Que faire ? Recevant Aymen Asfari, le directeur général du partenaire britannique, le chef du gouvernement Habib Essid s’est engagé qu’une solution  sera trouvée dans quelques jours. Plus d’un mois plus tard, rien n’a été fait. Le chef du gouvernement a accusé le Front populaire et le Hizb Ettahrir d’avoir fomenté les troubles et là rien n’a été fait non plus. Depuis février,  la société étrangère étudie  l’éventualité de quitter la Tunisie.  Elle  a renoncé aux investissements de l’ordre de 40 millions de dinars qu’elle comptait faire en 2016, à travers le forage de deux nouveaux puits à Kerkennah.  Si ces investissements ne sont pas réalisés, la production baissera progressivement jusqu’à l’épuisement des deux gisements, ce qui l’obligera de toute façon à quitter le pays.
 
Dans un cas comme dans l’autre c’est une perte sèche pour le pays et pour les iles Kerkennah qui seront privés d’une des rares sociétés présentes sur place.
 
Un groupe de personnalités originaires de l’archipel ont bien tenté une médiation mais elle a échoué car les protestataires n’avaient pas confiance en eux.

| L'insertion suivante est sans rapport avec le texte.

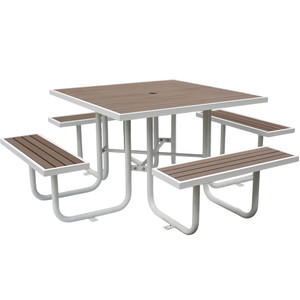 <span class=keywords><strong>Tavolo</strong></span> da Picnic Quadrato <span class=keywords><strong>in</strong></span> WPC Impermeabile per Esterni <span class=keywords><strong>con</strong></span> Panche, <span class=keywords><strong>Tavolo</strong></span> da Pranzo Moderno per Campeggio <span class=keywords><strong>con</strong></span> Foro per Ombrellone - Product Image 4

N’est-il pas que le chef du gouvernement appelle une personnalité nationale dont le crédit n’est pas entamé et dont l’indépendance et la neutralité sont reconnues, mais qui ne soit pas originaire de Kerkennah pour lui confier l’arbitrage dans ce dossier épineux. Je pense à Mansour Moalla par exemple. Ce qu’il apportera comme solution après un dialogue approfondi avec toutes les parties prenantes sera mis en exécution. L’immobilisme et l’inertie actuels ne sont plus acceptables. Il faut se bouger, dialoguer et avancer.